Much of the controversy surrounding sexting has focused on its negative aspects, such as the vulnerability of young people sending sexually explicit communications or feeling pressured to engage in the activity. But a new study reveals just how widespread sexting can be among adults and even suggests there may be psychological benefits associated with it.
Researchers from Drexel University in the US found that sexting may be far more prevalent in society than many people might think, with a survey of 870 volunteers aged between 18 and 82 finding that nearly nine out of 10 people (88 percent) have sexted at some point in their lives. Further, 82 percent of those surveyed had sexted in the past year. For the purposes of the study, sexting was defined to mean the sending or receiving of sexually suggestive or explicit content via text message, primarily using a mobile device.
Sexting is also not dominated by freewheeling singles looking for casual hookups, with the data suggesting that the opposite is the case – the activity is actually more popular among those involved in committed relationships. Three quarters of respondents said they had sexted in the context of a committed relationship, while less than half (43 percent) said they had done so in a casual relationship.

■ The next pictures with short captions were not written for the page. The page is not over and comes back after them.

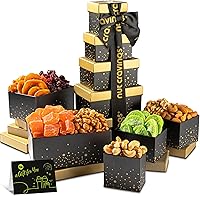 Vista 17 de NUT CRAVINGS Colección Gourmet - Agradecimiento y Apreciación, Cesta de Regalo Torre de Nueces y Frutas Secas, con Cinta TY + Tarjeta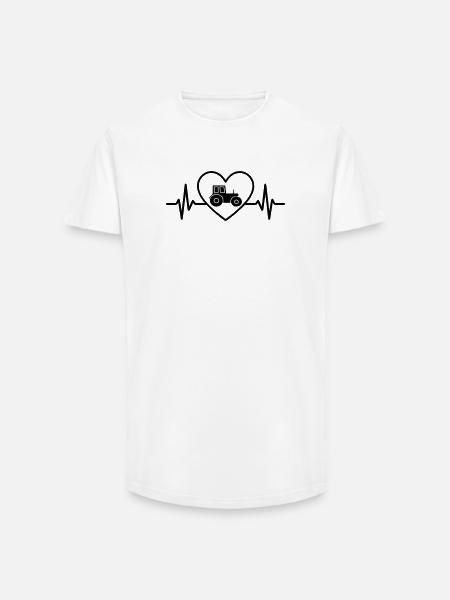 Farmer Tractor Heart - Long Fit Men's T-Shirt - white
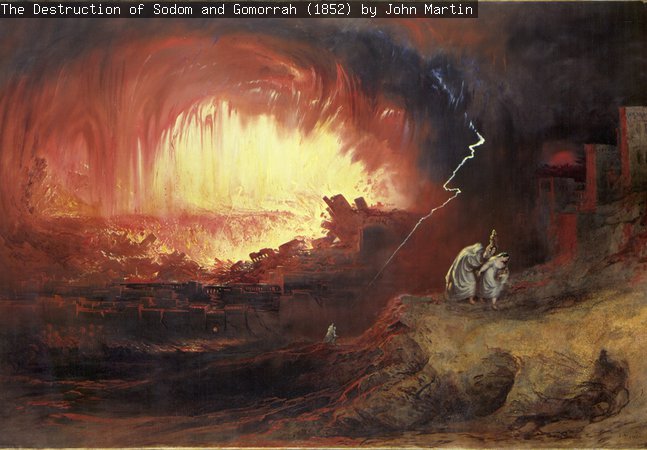 Painting, oil on canvas, entitled 'The Destruction of Sodom and Gomorrah', by the artist John Martin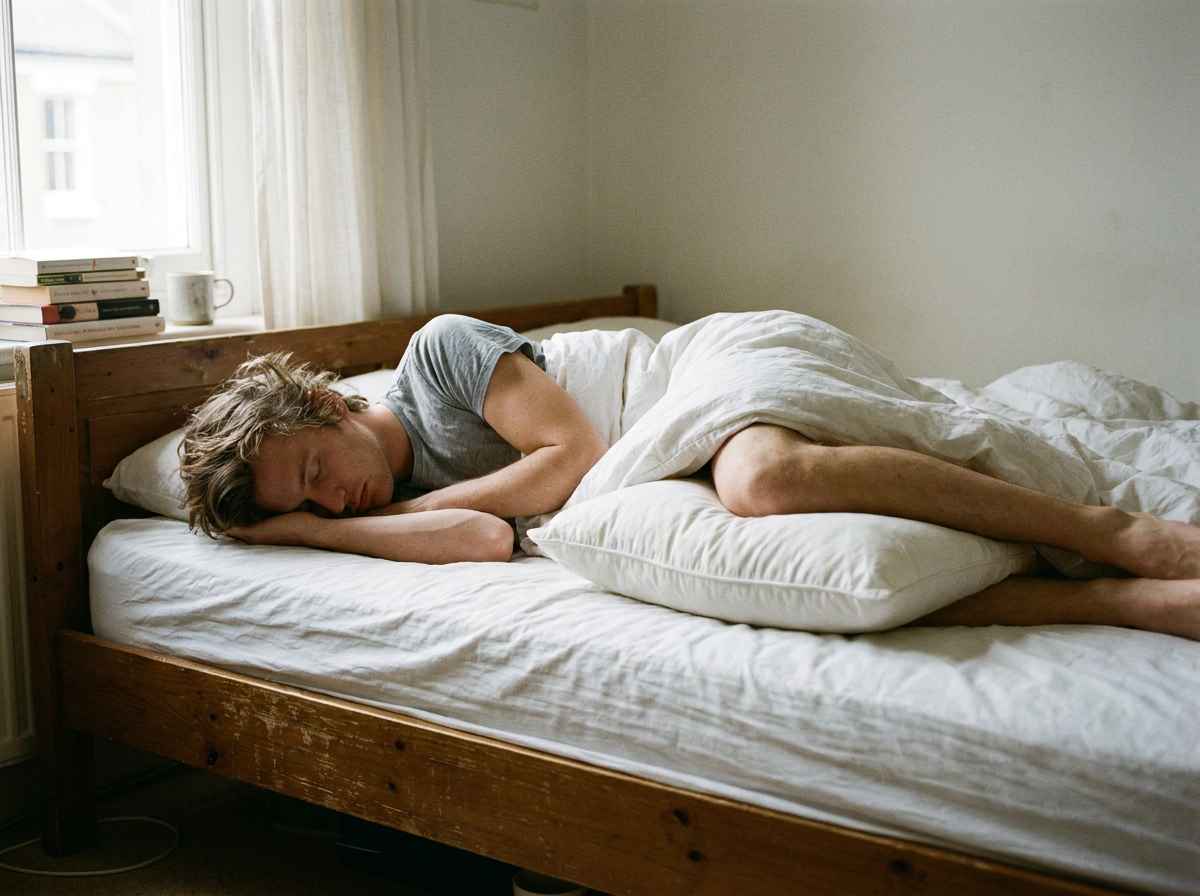 Persona dormida de lado con una almohada entre las rodillas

But the most remarkable findings of the study were the correlations the researchers found between sexting and the levels of satisfaction in sexual relationships. Greater levels of sexting were associated with greater sexual satisfaction for respondents, especially if they were in a relationship.
Satisfaction with the relationship itself also was higher among sexters – unless relationships were identified as "very committed", in which case no rise in relationship satisfaction was evident. People who sext more see the activity as fun and carefree but are also more likely to view the behaviour as something that's expected in their relationships.
The researchers contend that negative stereotyping of sexting only focuses on the risks but ignores the potentially positive effects of open sexual communication between partners.
"Given the possible implications, both positive and negative, for sexual health, it is important to continue investigating the role sexting plays in current romantic and sexual relationships," said Emily Stasko, co-author of the research, in a press release.
"This research indicates that sexting is a prevalent behaviour that adults engage in for a variety of reasons. These findings show a robust relationship between sexting and sexual and relationship satisfaction."
We should out that the sample size used in the study is relatively small, so we can't simply conclude that these numbers apply to the rest of society equally. But the researchers' work does present some interesting ideas that will no doubt be followed up on in further studies.
It's also worth highlighting that the study focused on sexts between consenting adults, not unwanted messages or pictures which could be construed as harassment.
"Context mattered and not all sexting is equal," Stasko told Nadia White at NPR. "Unwanted sexting is bad for relationships, but when it's wanted, it's good."
The findings were presented at the American Psychological Association's 2015 convention.